An autonomous system that crashes and stays down isn’t autonomous — it’s a demo. Keeping Sentinel running reliably required a layer of infrastructure that isn’t glamorous but is absolutely essential.
The health watchdog monitors the system continuously. If a component stops responding, it attempts a silent self-heal — restarting the affected service without human intervention. If the self-heal fails, it sends a Signal notification to my phone. I find out about problems before users do.
Compose locking solved a subtle problem with the test runners. The validation suite, red team runner, and overnight benchmark all manipulate the container stack. If two runners overlap — which happens when you’re running things in parallel — they can corrupt each other’s state. Each runner now acquires a lock before touching compose, and releases it when done.

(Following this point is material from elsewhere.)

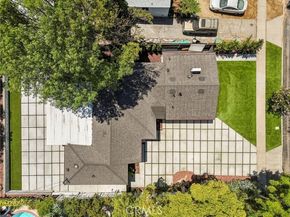 19120 Bessemer Street, Tarzana (los Angeles) CA 91335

Config verification runs at the start of every test suite. Before executing a single test, the runner checks that the compose config matches expectations: correct image tags, correct environment variables, correct port mappings. A misconfigured test environment produces misleading results, and I’d rather fail fast than debug phantom failures.
The Signal notification system ties it all together. Test suites report their status — pass, fail, invalid — via Signal with timing information. Overnight runs that finish at 3am send their results to my phone. I wake up knowing whether the system is healthy.
None of this is technically interesting. But it’s the difference between a project that runs when I’m watching and a project that runs when I’m not.